To reiterate from earlier, problems can easily arise because of definitions varying considerably across different companies, as most companies can adjust the formula to suit their company’s specific needs (and announced operating targets).

But as a generalization, most companies pursue a target FCF conversion rate close to or greater than 100%.

## Free Cash Flow Conversion Rate – Excel Template

We’ll now move to a modeling exercise, which you can access by filling out the form below.

## FCF Conversion Rate Calculation Example

In our example exercise, we’ll be using the following assumptions for our company in Year 1.

- Cash from Operations (CFO): $50m
- Capital Expenditures (Capex): $10m
- Operating Income (EBIT): $45m
- Depreciation & Amortization (D&A): $8m

In the next step, we can calculate the free cash flow (CFO – Capex) and EBITDA:

- Free Cash Flow = $50m CFO – $10m Capex = $40m
- EBITDA = $45m EBIT + $8m D&A = $53m

For the rest of the forecast, we’ll be using a couple of more assumptions:

- Cash from Operations (CFO): Increasing by $5m each year
- Operating Income (EBIT): Increasing by $2m each year
- Capex and D&A: Remaining constant each year (i.e. straight-lined)

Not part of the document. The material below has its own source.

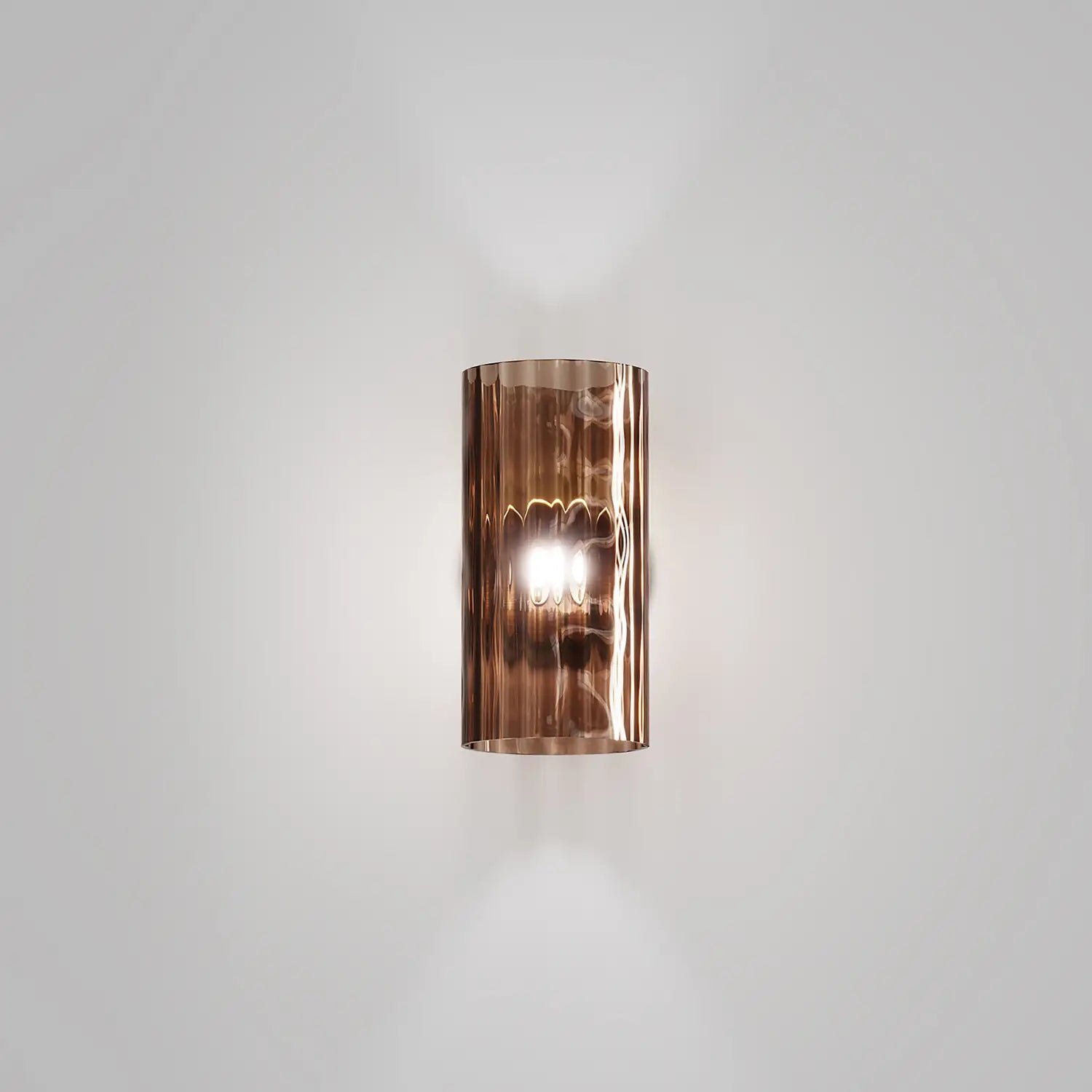 VISTOSI, ARMONIA SCONCES, WALL SCONCES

With these inputs, we can calculate the free cash flow conversion rate for each year.

For instance, in Year 0 we’ll divide the $40m in FCF by the $53m in EBITDA to get an FCF conversion rate of 75.5%.

Here, we’re essentially figuring out how close a company’s discretionary free cash flow gets to its EBITDA. Posted below, you can find a screenshot of the completed exercise.

In conclusion, we can see how the FCF conversion rate has increased over time from 75.5% in Year 1 to 98.4% in Year 5, which is driven by the FCF growth rate outpacing the EBITDA growth rate.